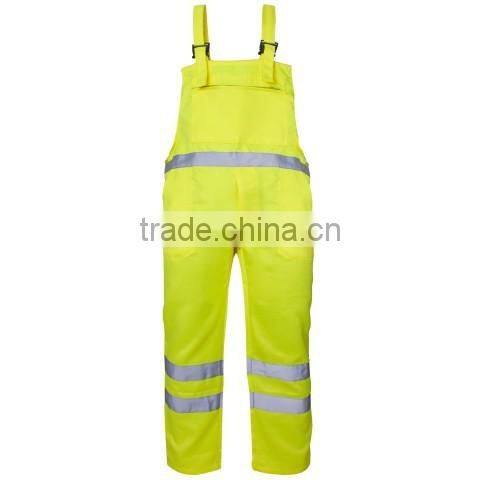 Hi Vis Poly cotton Bib Trousers workwear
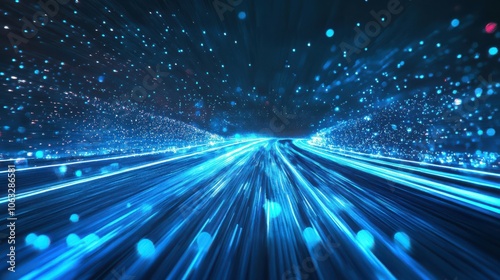 Retro Blue Road Digital Highway background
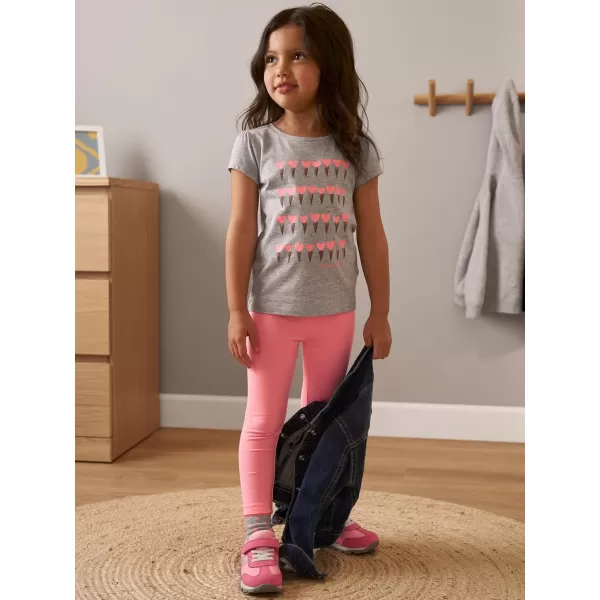 Simple Joys by Carters Girls ShortSleeve Shirts and Tops Pack of 3Grey HeartsPink DinosaurWhite Text Print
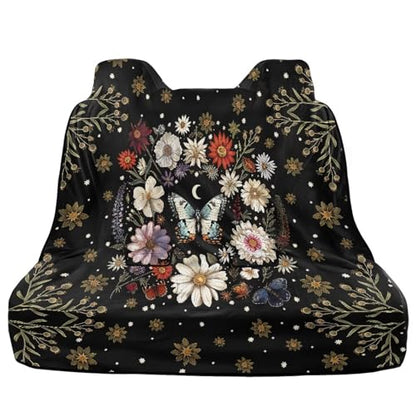 Butterfly Daisy Moon Flower Print Back Seat Cover for Car Trucks Van SUV, Waterproof Rear Bench Towel Seat Covers for Dogs Kids, Anti-Slip Automotive Backseat Protector - color: Butterfly Daisy Moon Flower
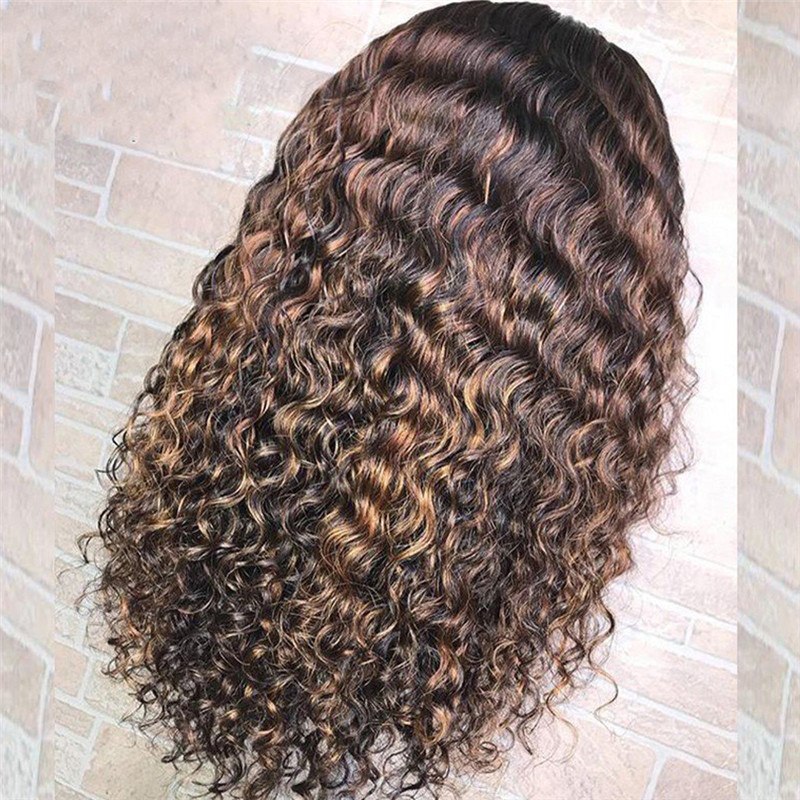 Curly Human Hair Wig Brazilian Highlight Wig Brown Ombre Deep Curly Lace Front Wig 150% Density Curly Wigs For Women Pre Plucked - Image 3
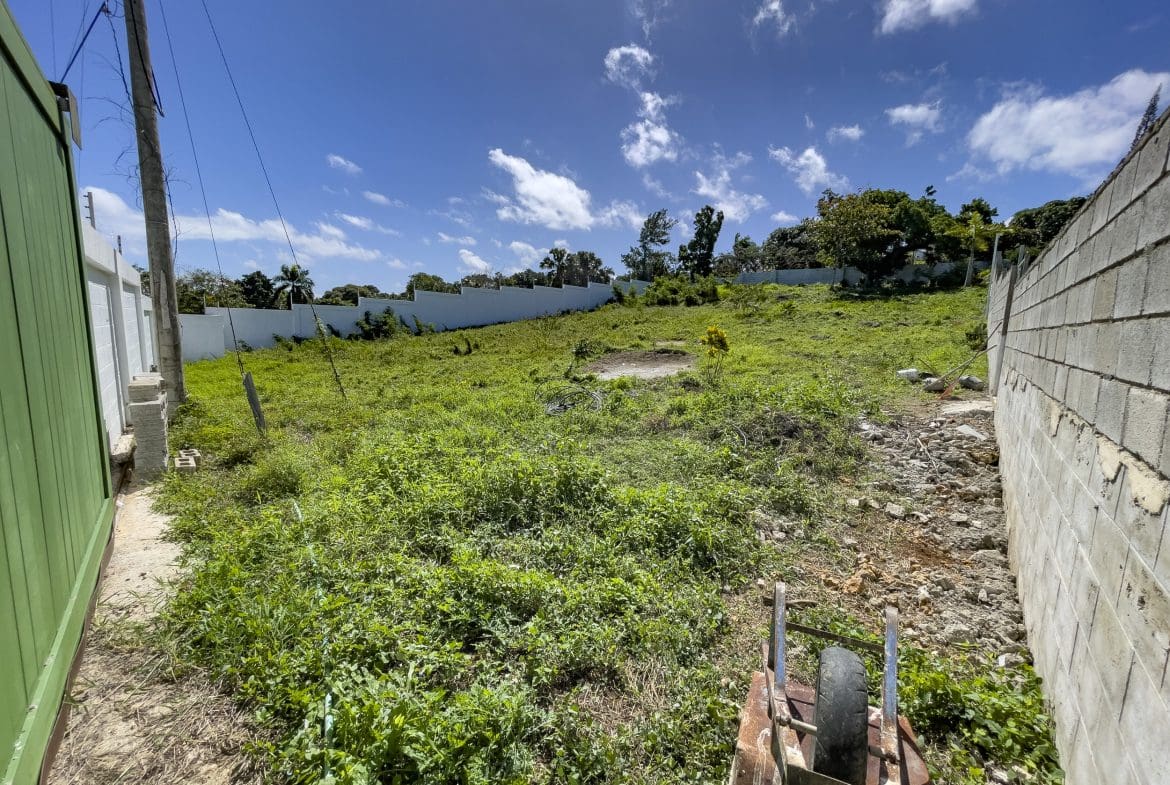 buyDRproperty Vacant lot with overgrown grass. Lots for sale in La Mulata. White wall, blue sky. Sosua Real Estate
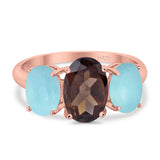Art Deco Oval Natural Stone Trio Ring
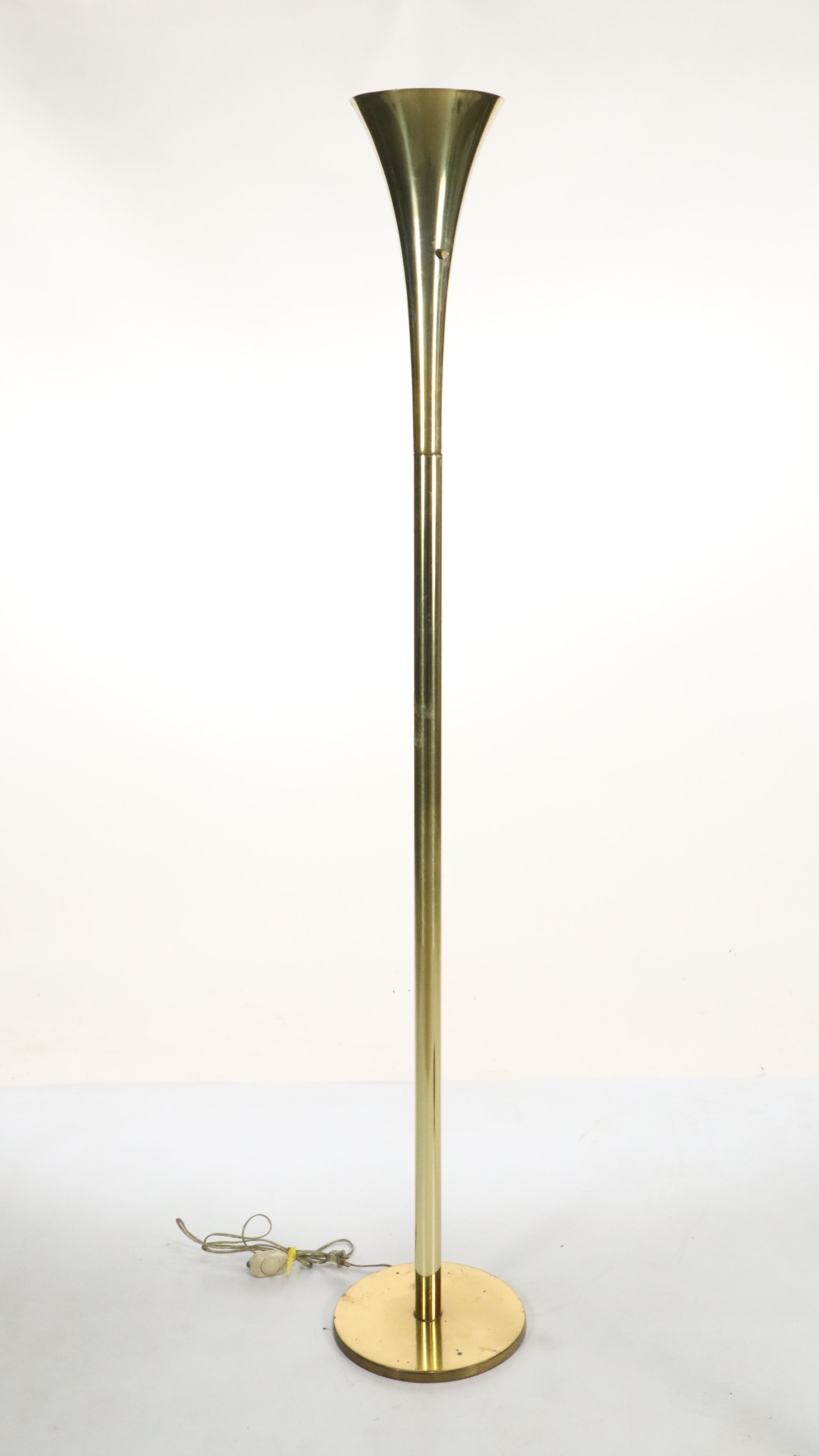 Laurel Lamp Co. Mid Century Modern Style Brass Finish Torchiere Floor Lamps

• [Task to carry out] Set down word for word the lines from the first entry through the line with "Curly Human Hair", both included, omitting pictures.

• [Task result]
 Hi Vis Poly cotton Bib Trousers workwear
 Retro Blue Road Digital Highway background
 Simple Joys by Carters Girls ShortSleeve Shirts and Tops Pack of 3Grey HeartsPink DinosaurWhite Text Print
 Butterfly Daisy Moon Flower Print Back Seat Cover for Car Trucks Van SUV, Waterproof Rear Bench Towel Seat Covers for Dogs Kids, Anti-Slip Automotive Backseat Protector - color: Butterfly Daisy Moon Flower
 Curly Human Hair Wig Brazilian Highlight Wig Brown Ombre Deep Curly Lace Front Wig 150% Density Curly Wigs For Women Pre Plucked - Image 3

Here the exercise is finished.